Erdal Beşikçioğlu: Devlet öl dese ölürdük

Tiyatro sanatçısı Erdal Beşikçioğlu gündeme dair eleştirilerde bulundu: Devlet 'Bu vatan için öl' deseydi de ölürdük.

Google Haberlere Abone ol

DUVAR - Tiyatro sanatçısı Erdal Beşikçioğlu, gündeme dair açıklamalar yaptı. Televizyondan kazandığı parayı tiyatroya yatırdığını belirten sanatçı, uzun bir süredir televizyon projelerinde yer almıyor. Beşikçioğlu, "Kendimi tiyatro sanatçısı olarak görüyorum. Konservatuvardan mezun olmuş diğer arkadaşlarımla birlikte biz tiyatrocuyuz. Canlı iş yapmak her babayiğidin harcı değil. Televizyonda oyunculuk yapmakla tiyatro sahnesinde olmak bambaşka şeyler. Tiyatro eğitimi almamış bir oyuncu belki 30 kişi karşısında oynar ama 800 kişinin karşısında oynayabilir mi? Mühim olan o. Oynayamaz, diyaframı yetmez bir kere. Sözünü iletemez, nefesi yetmez çünkü. Oyuncular, sporcu gibidir. Hareket etmeden oynayamazsınız sahnede. Tiyatro canlı performanstır. 'Hocam olmadı, çekelim bir daha' şımarıklığını kaldırmaz" dedi.

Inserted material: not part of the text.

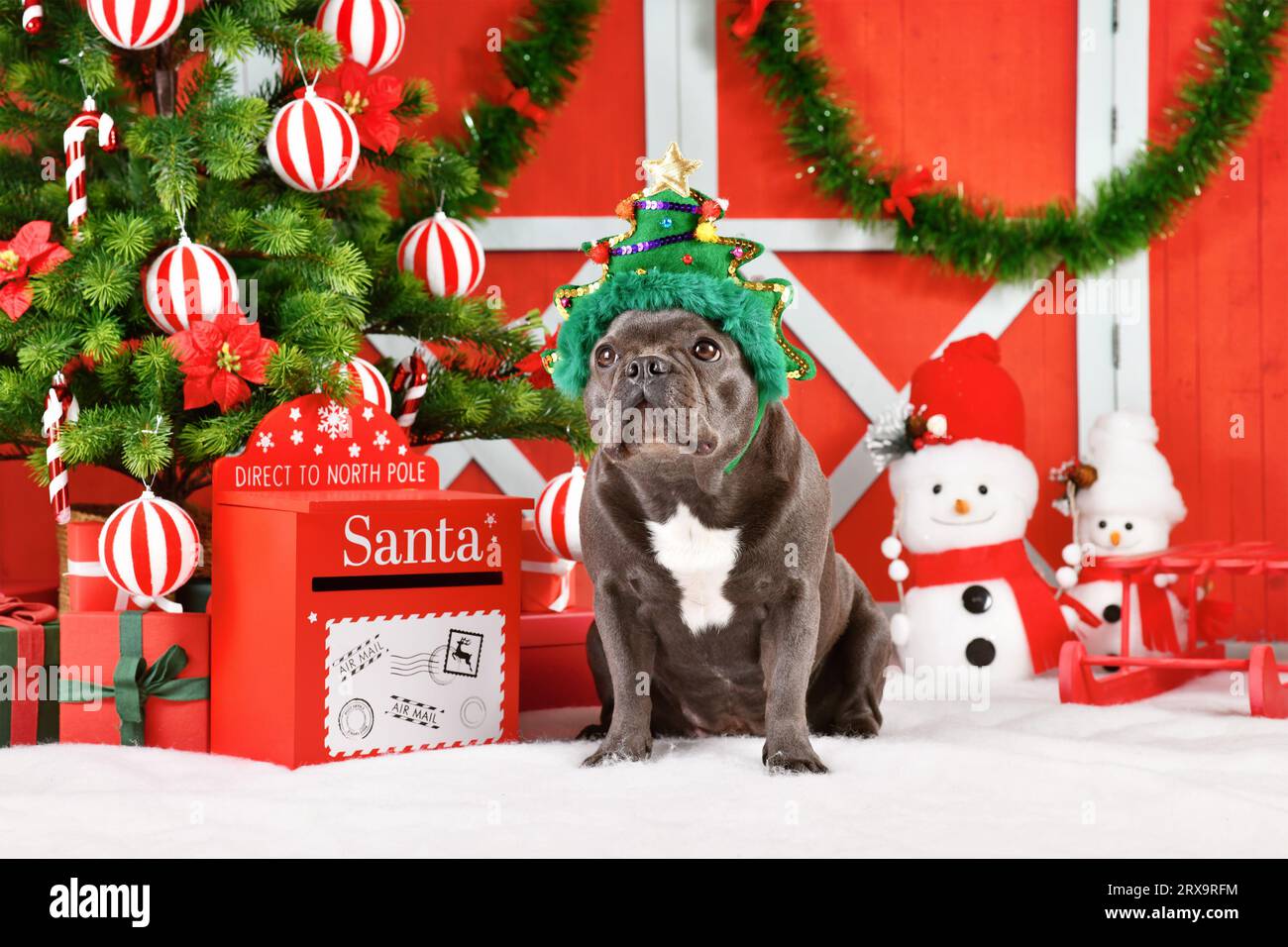 Black French Bulldog dog wearing funny Christmas tree costume hat next to festive red Christmas decoration Stock Photo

'HER DÖNEM FİKRİMİ CESURCA SÖYLEDİM'

Sabah'tan Tuba Kalçık'a konuşan Beşikçioğlu, Behzat Ç. dizisinin popüler olmasını beklediğini belirtirken, " 'Behzat Ç.'de iyi bir polisi oynadım. 'Reaksiyon'da ise eski Türkiye'nin derin devletini temsil eden 'Dayı' rolündeydim. Seyirci bu karakteri de kötü olmasına rağmen sevdi. Sanatçı her rolü oynamalı. Toplumsal alana dair sözü varsa söylemeli. Toplumun yaşam kalitesini artırmak için sisteme yönelik eleştirileri varsa yapmalı. Sanatçının bir ideolojisi olabilir ama hiçbir ideolojiye ait olmamalı. Belki geçmişte sanatçılar bir ideolojiye ait hissediyorlardı kendilerini ama artık 21'nci yüzyıldayız. Her dönem fikrimi cesurca söylerim. Doğruyu, kendi ahlakınıza göre söylemelisiniz" ifadelerinde bulundu.

'ANNEM ARNAVUT, BABAM LAZ, TÜRKİYE CUMHURİYETİ'NİN VATANDAŞIYIM'

" Türkiye'de herkes bana göre içinde vatan sevgisi ile doğuyor çünkü anne veya babasından geçiyor bu sevgi miras gibi" diyen Beşikçioğlu açıklamalarını, "Askerliğimi yaparken her an ölümle burun burunaydım. Hakkari Yüksekova, Çukurca ve Dağlıca'da askerlik yaptım. Kurşunun nereden geleceğini bilemezdiniz, bastığınız toprağın altında mayın olup olmadığını da. Zaten bunları bilerek gittim askere. Devletim bana 'Güneydoğu'da yapacaksın askerliğini' dedi, gittim, yaptım. 'Bu vatan için öl' deseydi de ölürdük. Türkiye'de herkes bana göre içinde vatan sevgisi ile doğuyor çünkü anne veya babasından geçiyor bu sevgi miras gibi. 5 yaşında andımız ile tanışıyor. Türk'ün ne demek olduğunu bu yaşlarından itibaren anlamaya başlıyor. Annem Arnavut, babam Laz, Türkiye Cumhuriyeti'nin vatandaşıyım ve Türk olarak görüyorum kendimi. Misak-i Milli sınırları içindeki her birimiz, vatandaş olarak ülkemizin daha ileriye gitmesi için ne gerekiyorsa yapmalıyız" diyerek bitirdi.